I’m comparing Pyro and NumPyro on a 1-layer (50 hidden dim) BNN with an AutoNormal guide and seeing substantially better results with Pyro on the UCI datasets with the standard splits from On the Importance of Strong Baselines in Bayesian Deep Learning. I see the same trend with all of the UCI regression benchmarks.

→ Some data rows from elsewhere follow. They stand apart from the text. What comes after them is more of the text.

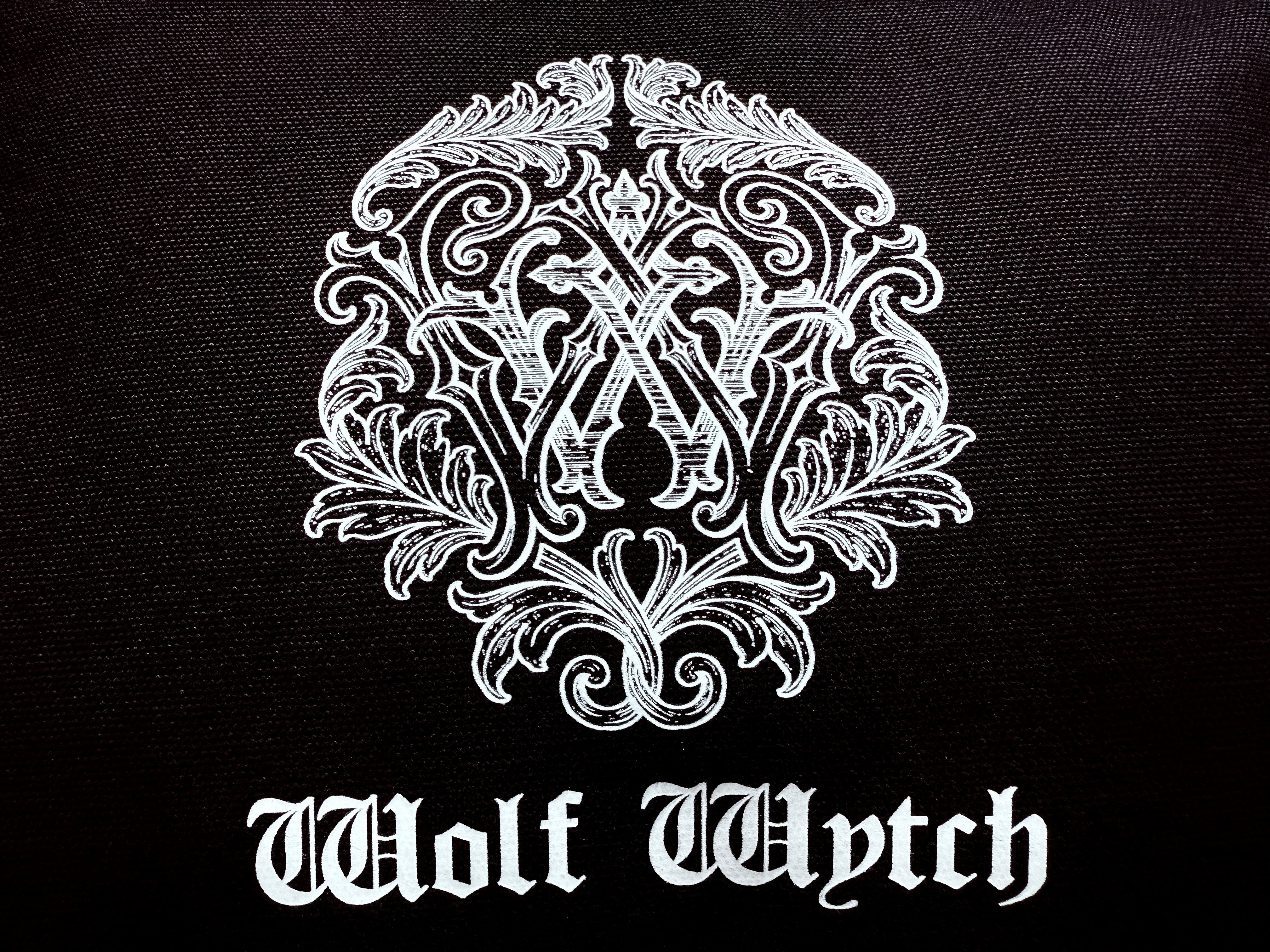 Wolf Wytch Monogram Wristlet Bag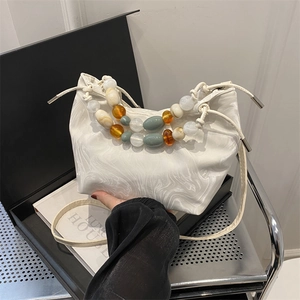 New Chinese style bucket bag with marble pattern, beaded handle, and drawstring closure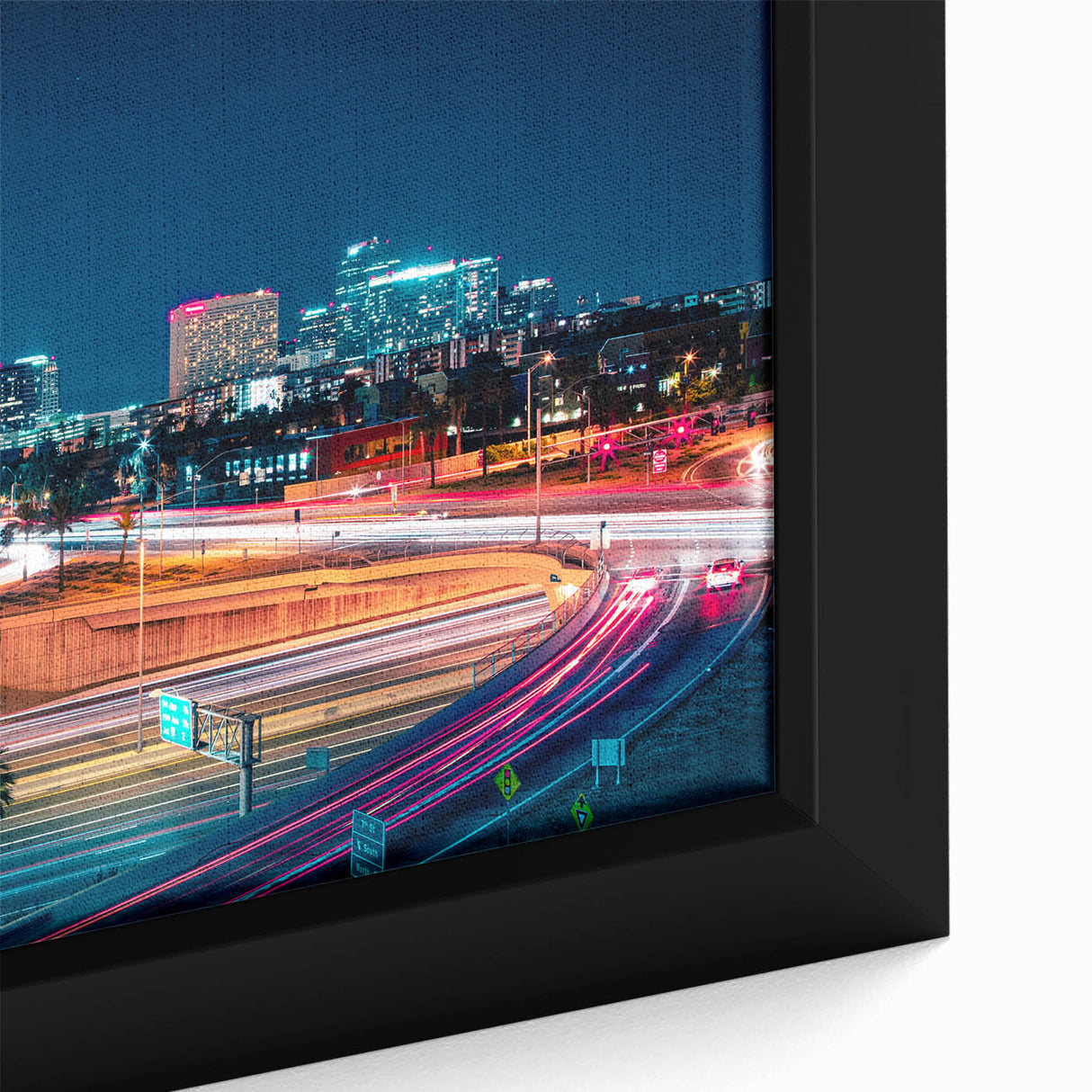 Close-up of a framed canvas featuring a textured depiction of the Phoenix valley in black with vibrant, colorful accents.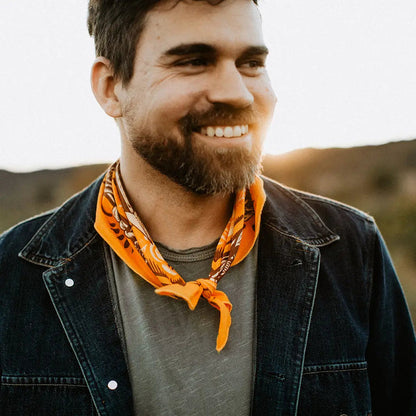 Forager Provisions LTD Bandits Bandanas Free Spirit organic cotton bandana worn as a neckerchief by a smiling man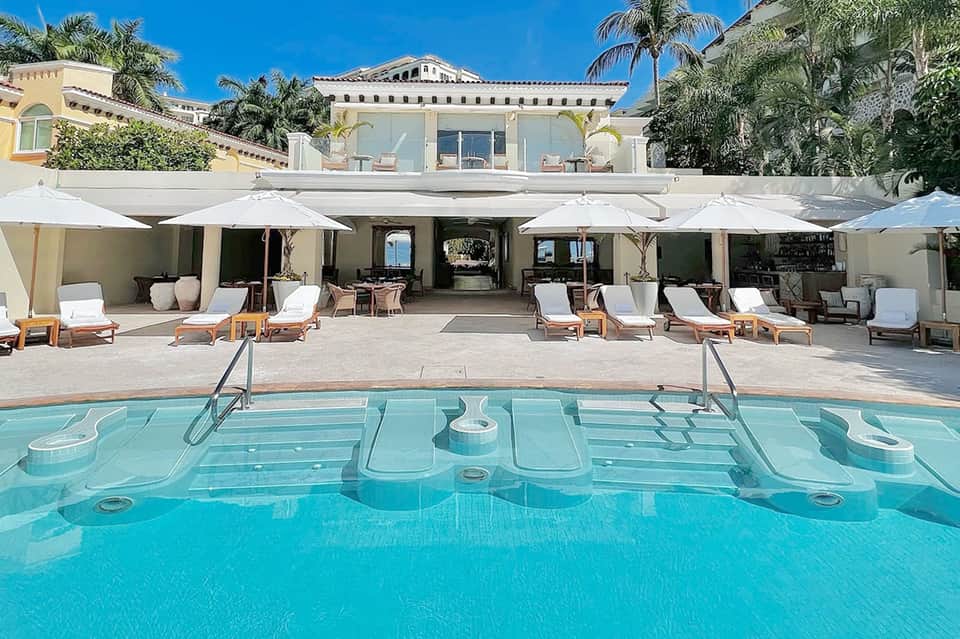 Luxury resort pool with geometric design and Mediterranean-style architecture
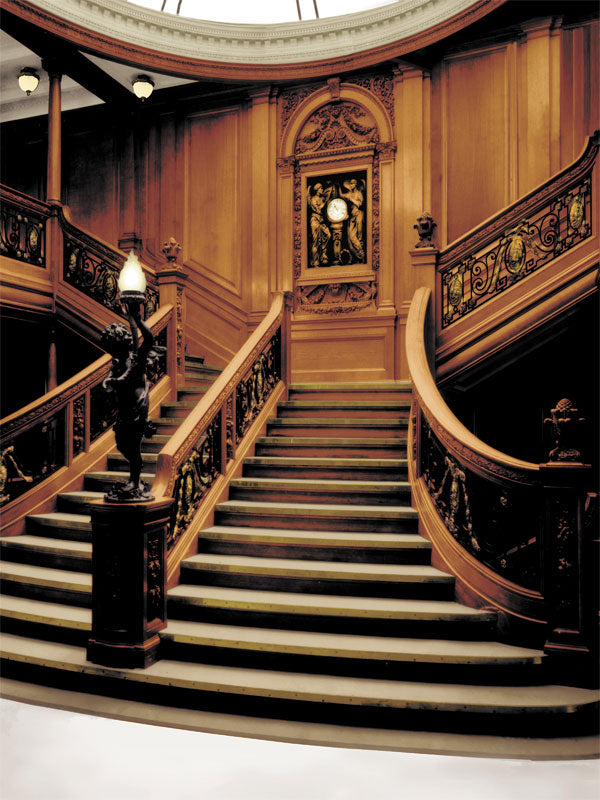 A stunning photography backdrop featuring the grand staircase of the Titanic with intricate woodwork and ornate details.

If I use AutoDelta, the difference disappears, and the results are on par with the literature.
Does Pyro implement optimizations not in NumPyro that could explain the difference?
Pyro Yacht results
Like is short for likelihood and corresponds to samples from
sample
site y, and loc corresponds to network outputs, i.e., deterministic
site y_loc in the network below.
NumPyro Yacht results
Notice that the precision is lower, and the network locations are further from the ground truth with NumPyro than with Pyro. Both lead to poor performance; however, whether one is causal or the other is not clear.
Training
def train_svi(x, y):
with seed(rng_seed=0): # Change seed doesn't affect the difference
svi = SVI(model, AutoNormal(model), Adam(1e-3), Trace_ELBO())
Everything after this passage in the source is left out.